What Do I Get When I Turn on Microsoft Defender for Cloud?
Determine the cybersecurity return on investment in Microsoft Defender for Cloud.
Microsoft is very keen on selling their users security services like Microsoft Defender for Cloud, but it takes considerable effort and time to understand what each of them does. A Microsoft security admin assigned to Microsoft Defender for Cloud must also explain what Microsoft Defender for Cloud does for each of these resources to justify the additional expenditure.
In this blog, we will give a summary of what each of the Microsoft Defender for Cloud options does and how a person responsible for Microsoft security can calculate the security return on investment for turning each of these Microsoft Defender for Cloud options on.
This option turns on Microsoft Defender for Cloud for Windows and Linux VMs being hosted in the Microsoft Virtual Machines menu. This is the most robust Microsoft Defender for Cloud offering because of the high number of detections that become available. Microsoft put a sizable amount of effort into this offering because it is their cloud EDR solution for VMs.
The security return on investment can be calculated by using your organization’s Annualized Loss Expectancy (ALE) calculation and comparing that cost to the annual cost of $180 per VM. The VMs that have an ALE above $180 have a strong case for having Microsoft Defender for Cloud enabled.
Software Development Platforms
In these platforms Microsoft Defender for Cloud looks for signs of applications behaving in ways that may be a sign of compromise like commands found in the wrong area of an application, suspicious behavior, and unexpected processes.
The security return on investment can be calculated by using your organization’s Annualized Loss Expectancy (ALE) calculation and comparing that cost to the annual cost of $180 per app service, $24 per Kubernetes VM core, or $3.50 per container image.
For each of these options Microsoft Defender for Cloud looks for signs of malicious activity in storage spaces like unexpected files found in storage, unusual volume of data movement, and unusual change in permissions.
The security return on investment can be calculated for SQL servers by using your organization’s Annualized Loss Expectancy (ALE) calculation and comparing that cost to the annual cost of $180 per SQL server. The Storage calculation is more complicated because it is based on transfer volume, the topic may need to be discussed with data custodians.
For this option Microsoft Defender for Cloud looks for signs of malicious activity like high volume of key vault operations, unusual key vault access patterns, and key vault activity from a known TOR node.
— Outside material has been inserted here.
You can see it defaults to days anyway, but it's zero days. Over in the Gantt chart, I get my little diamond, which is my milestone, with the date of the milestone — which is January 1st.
This option has the same issues as Storage where it uses transaction volume to determine the cost. The topic may need to be discussed with a data custodian and other security admins because secrets are a sensitive security issue.
Microsoft Security Center is releasing new features in Microsoft Defender for Cloud regularly and while they are in preview Microsoft users get the opportunity to try them for free.
Despite the label saying “free” the alerts generated by the preview feature may take up the time of security analysts unnecessarily if they are not working as intended. It is up to security admins to determine if the value from preview features is worth the unintended costs.
We will continue to share best practices and lessons learned in future posts onMicrosoft Defender for Cloud in customer environments. When customers enable features like Microsoft Defender for Cloud, our job as a VSOC becomes easier, but that should not come at the unnecessary expense of our customers.
In closing, consider these three questions when determining if usingMicrosoft Defender for Cloud in your organization is worth the cost:
- Is there an accurate Annual Loss Expectancy (ALE) calculation that we can compare to Microsoft Defender for Cloud costs?
- How best to engage with business and IT stakeholders to help quantify the cybersecurity risk of cloud resources?
- How can we effectively communicate and justify the budget needed to enable Microsoft Defender for Cloud for our cloud resources?